Prime ministers' former chief aide offers 'code' defence in Unipetrol corruption scandal

31-08-2005

Steadfastly maintaining his innocence, former top prime ministerial aide Zdenek Dolezel, sacked after being caught on hidden camera soliciting a bribe, now says in his defence that he was "speaking in code", aware that his conversations might be wiretapped. But Dolezel has offered no explanation for his on-camera remarks that alleged kickbacks to his one-time boss -- former Prime Minister Stanislav Gross -- were the "right direction" for securing a half-billion dollar privatisation deal.

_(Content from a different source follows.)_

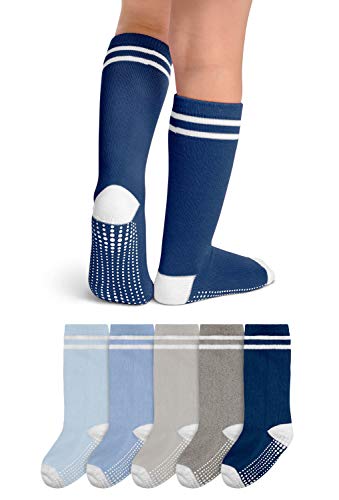LA Active Calcetines Altos Rodilla Antideslizantes - 5 Pares - para Bebé Niños Niñas Infantil - Algodón (Niños Rayas Atléticas Variedad Multicolor, 6-12 Meses) LA Active Calcetines Altos Rodilla Antideslizantes - 5 Pares - para Bebé Niños Niñas Infantil - Algodón (Niños Rayas Atléticas Variedad Multicolor, 6-12 Meses)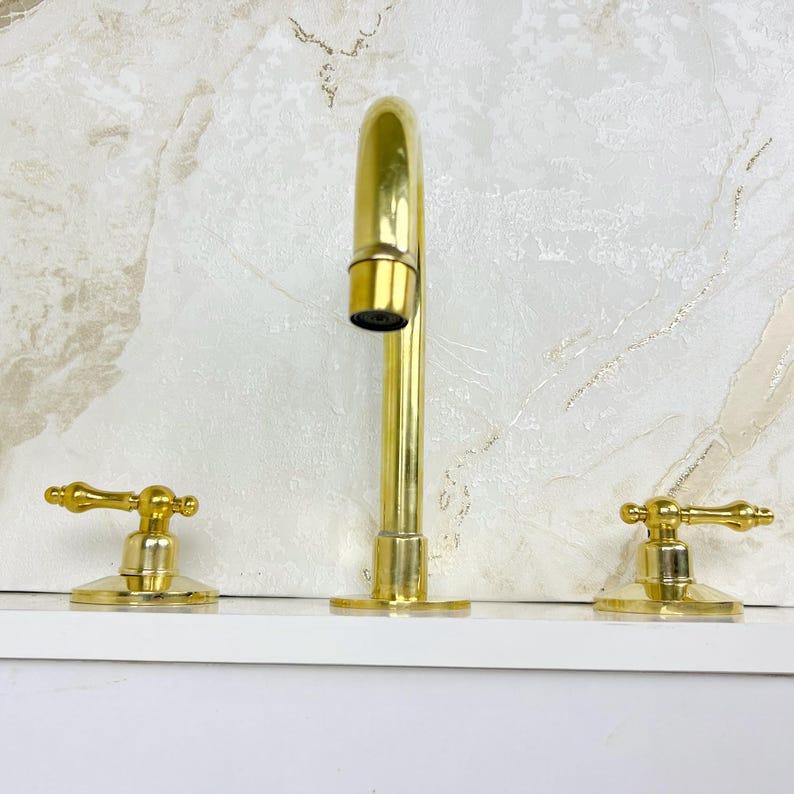 Widespread Bathroom Brass Faucet Sink, Unlacquered Brass Deck Mounted Faucet.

Zdenek Dolezel says that when meeting with the Polish lobbyist Jacek Spyra, he was aware that he might be under surveillance. So when Dolezel tells Spyra, "If they want information, then five will be on the table" and Spyra asks if that means "five in Czech?," to which he says, "Yes," the two men have not just agreed on a five million crown payoff, as the media have reported.

What they had just agreed on, Dolezel insists, is that he and Spyra would not be alone at upcoming negotiations on a major privatisation. "Five on the table", he told a leading Czech daily, meant that top state officials (presumably three of them) would be joining them at discussions.

Dolezel was reacting to a report aired on Tuesday by the commercial station TV Nova, which had secretly taped four meetings between the former aide and the Polish lobbyist, both of whom are now under police investigation for corruption.

Stanislav GrossStanislav Gross He has failed to offer any explanation as to why he would speak in code about "five on the table" - plans for meeting on the privatisation of the Czech oil and chemicals group Unipetrol - but not respond to allegations by the Polish lobbyist that top government officials, including Dolezel's boss, had taken or sought bribes.

In one of their taped conversations, for example, the Polish lobbyist says that former prime minister Stanislav Gross got a 50 million crown payoff from the head of Agrofert, a company that secured a lucrative contract with Unipetrol. What Dolezel did suggest—on tape—was that such payments were the "right direction" with regard to winning that privatisation bid.

Dolezel now insists that he knows of no corruption on Gross' part while the former prime minister himself says the bribery allegations are "a pack of lies".

Meanwhile, Polish courts have begun looking into the privatisation of Unipetrol and a contract the company made with Agrofert. The Polish company PKN Orlen, which paid 540 million dollars for a controlling stake in Unipetrol, has filed a criminal complaint over what it calls a "secret" Unipetrol-Agrofert deal that amounted to a "payoff" to Czech politicians.